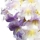 Princess Tree (Paulownia) note image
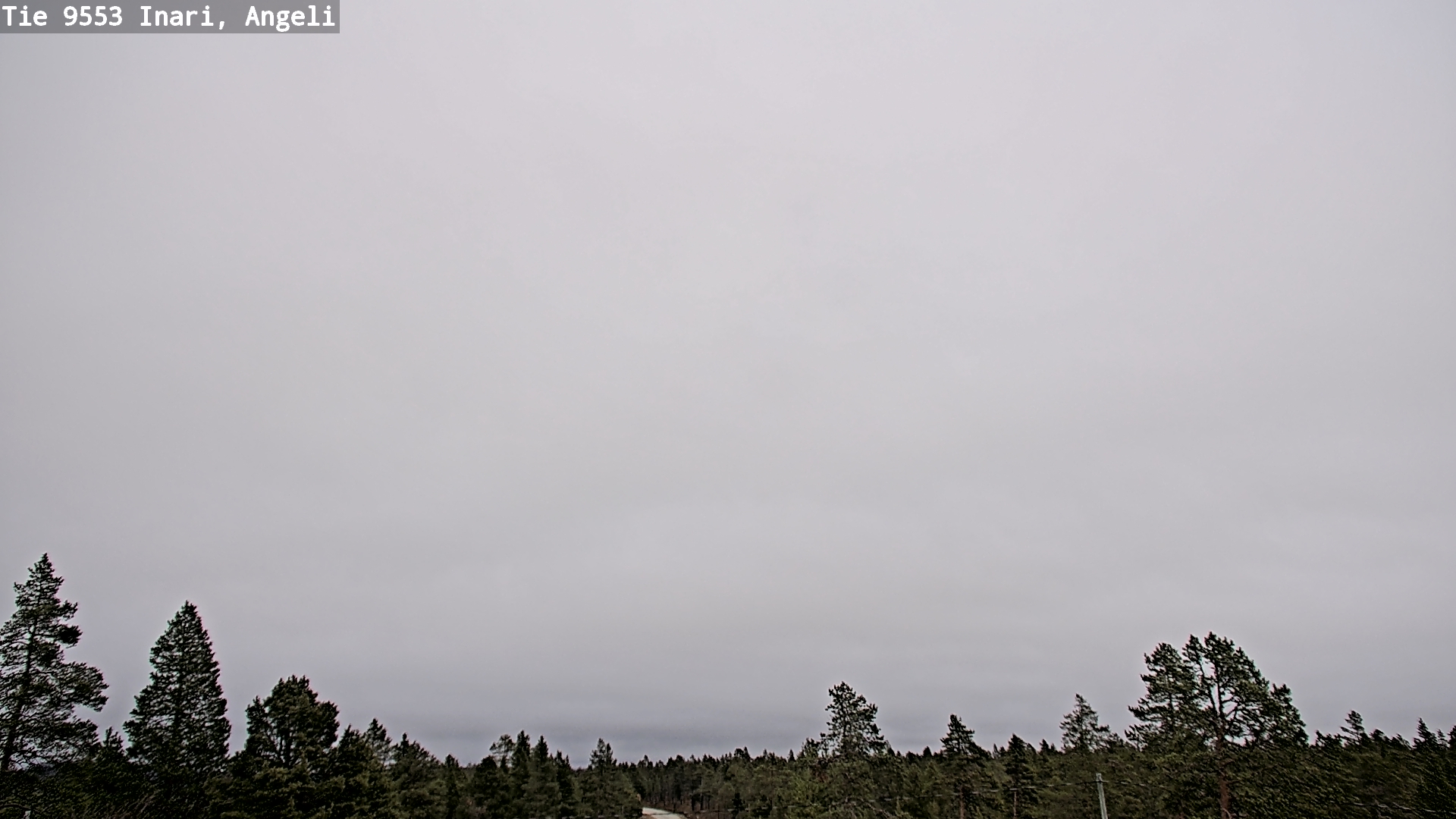 Kelikamerat Kuva Tie 9553 Inari, Angeli, Lintupuolivaara, Inari, Lappi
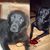 Jerry Lee's profile image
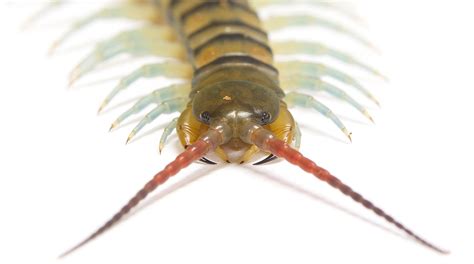 Phylogenetic analyses suggest centipede venom arsenals were repeatedly stocked by horizontal ...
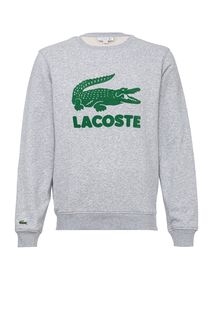 Серый свитшот с фактурным принтом Lacoste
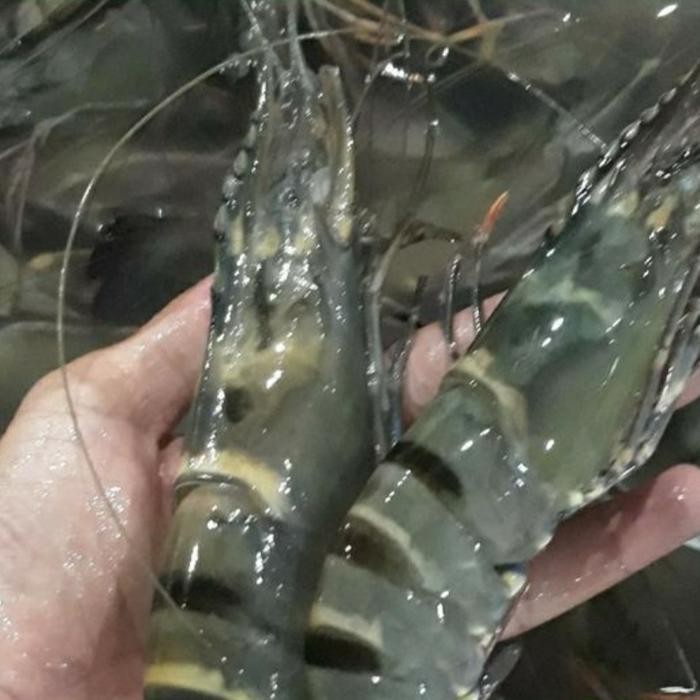 

udang black tiger jumbo fresh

* * * * *

### Assignment
Write out all the entries word for word, but skip any images.

### Solution for this problem
 Princess Tree (Paulownia) note image
 Kelikamerat Kuva Tie 9553 Inari, Angeli, Lintupuolivaara, Inari, Lappi
 Jerry Lee's profile image
 Phylogenetic analyses suggest centipede venom arsenals were repeatedly stocked by horizontal ...
 Серый свитшот с фактурным принтом Lacoste

udang black tiger jumbo fresh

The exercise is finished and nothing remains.